Records to use:
━━━━━━━━━━━━━━━━━━━━━━━━━━━━━━

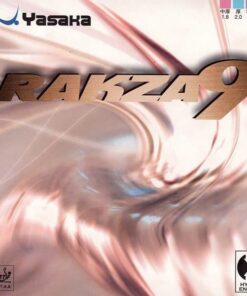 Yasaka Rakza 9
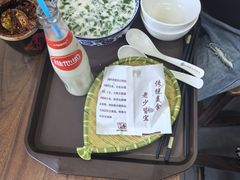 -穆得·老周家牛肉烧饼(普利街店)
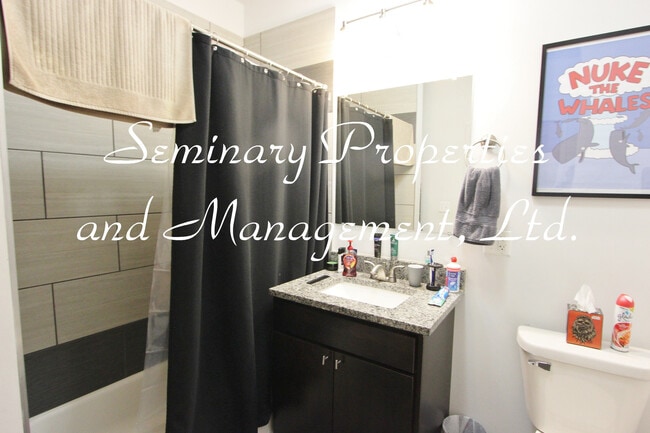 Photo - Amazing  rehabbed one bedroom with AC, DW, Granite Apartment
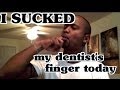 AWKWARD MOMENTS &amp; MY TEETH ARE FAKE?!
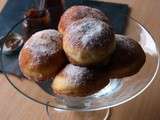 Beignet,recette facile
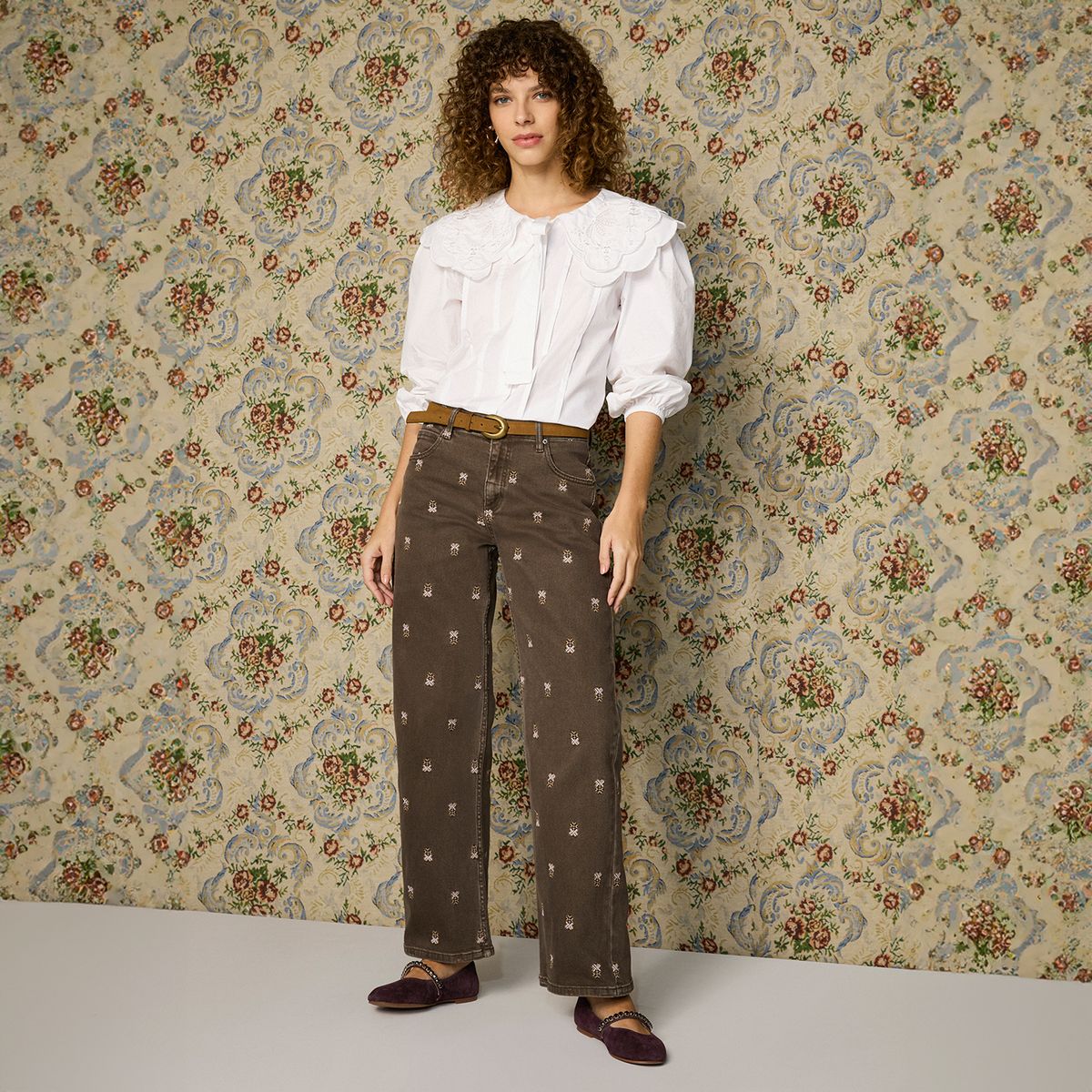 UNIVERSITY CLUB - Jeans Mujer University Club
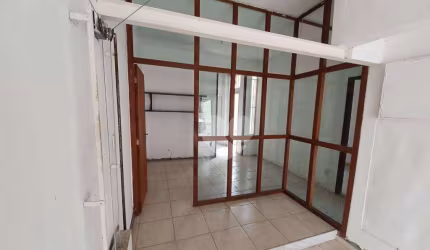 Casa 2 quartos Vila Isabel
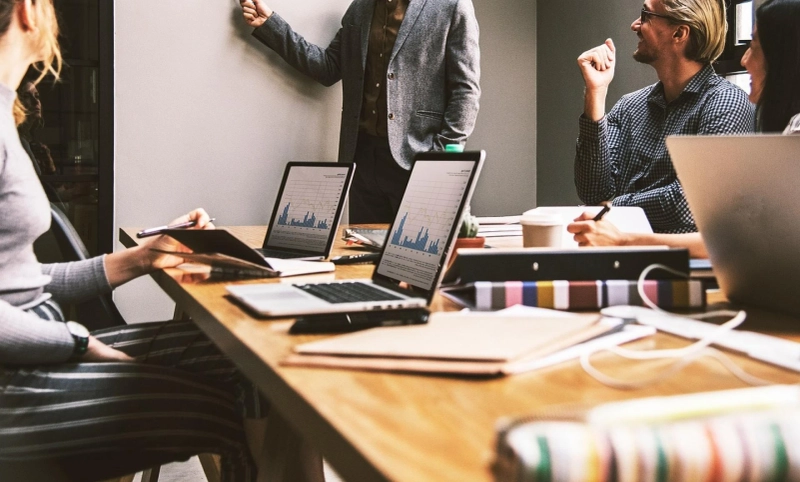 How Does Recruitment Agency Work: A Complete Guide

━━━━━━━━━━━━━━━━━━━━━━━━━━━━━━

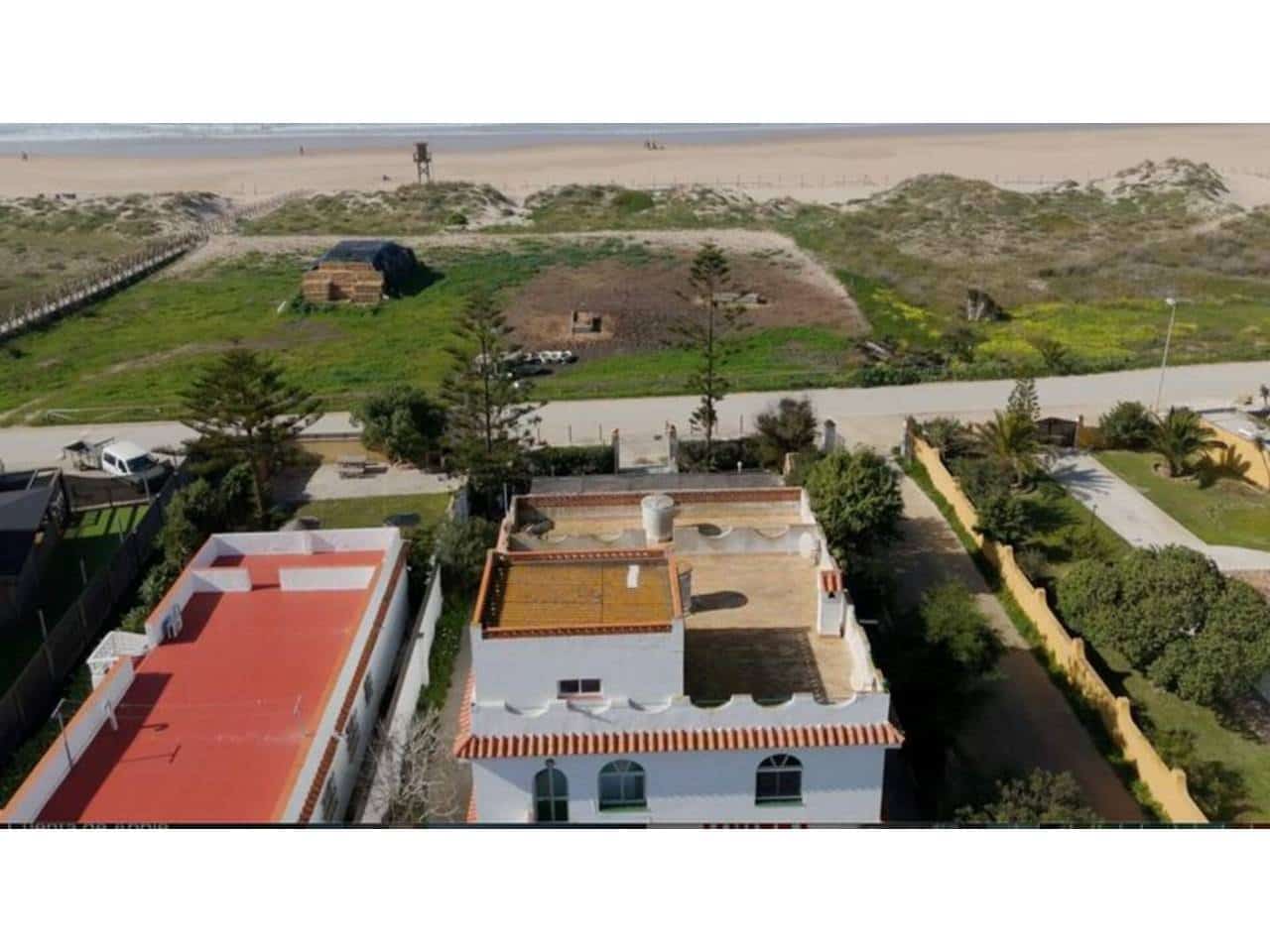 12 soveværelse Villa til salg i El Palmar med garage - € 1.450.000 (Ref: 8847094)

━━━━━━━━━━━━━━━━━━━━━━━━━━━━━━

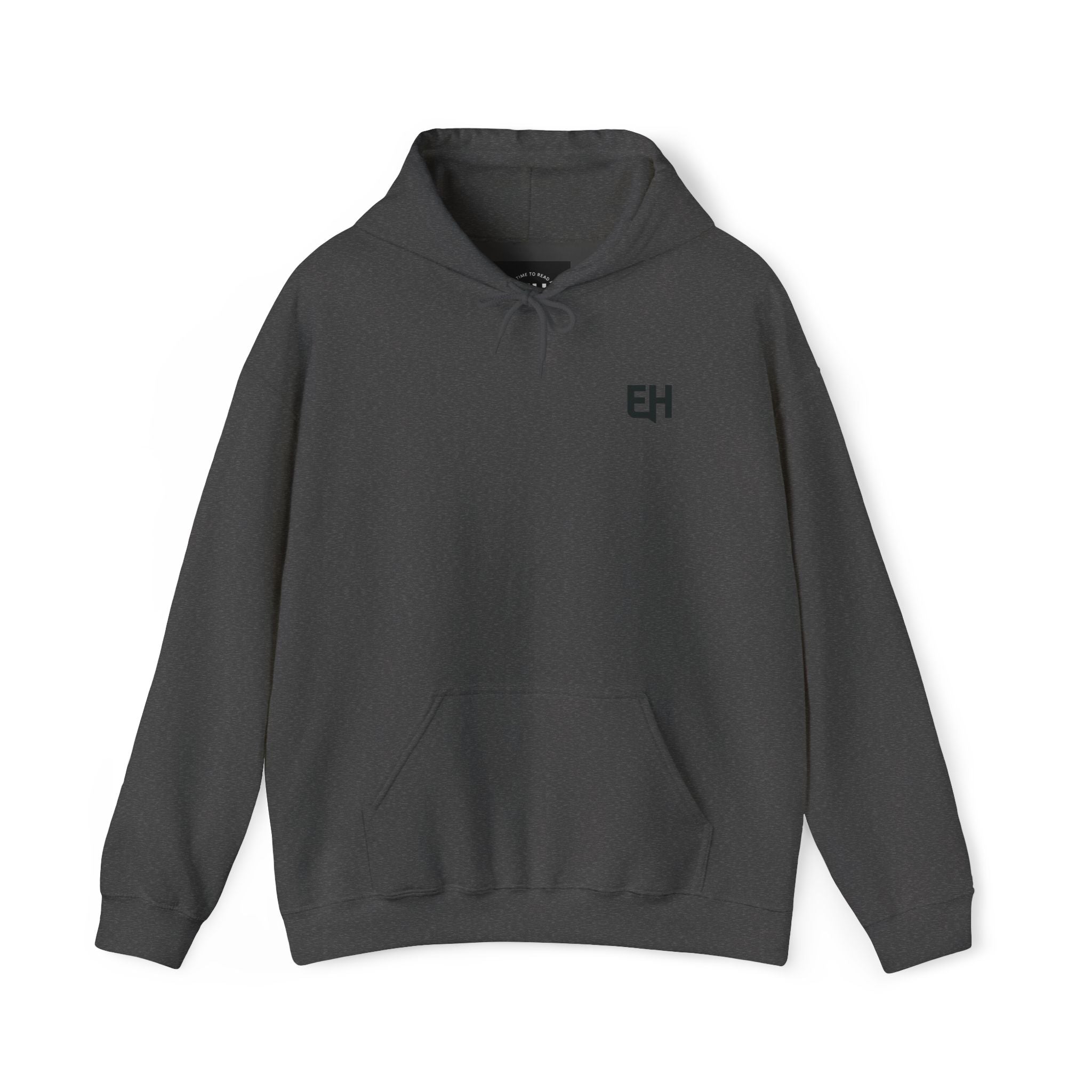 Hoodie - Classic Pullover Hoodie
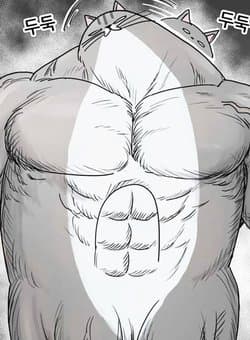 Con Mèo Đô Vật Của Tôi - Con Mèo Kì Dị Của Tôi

━━━━━━━━━━━━━━━━━━━━━━━━━━━━━━

Task to carry out: Here the job is to copy the stretch of records from the line containing "Yasaka Rakza 9" through the line containing "How Does Recruitment", word for word. Leave every picture out.

Your response:
 Yasaka Rakza 9
 -穆得·老周家牛肉烧饼(普利街店)
 Photo - Amazing  rehabbed one bedroom with AC, DW, Granite Apartment
 AWKWARD MOMENTS &amp; MY TEETH ARE FAKE?!
 Beignet,recette facile
 UNIVERSITY CLUB - Jeans Mujer University Club
 Casa 2 quartos Vila Isabel
 How Does Recruitment Agency Work: A Complete Guide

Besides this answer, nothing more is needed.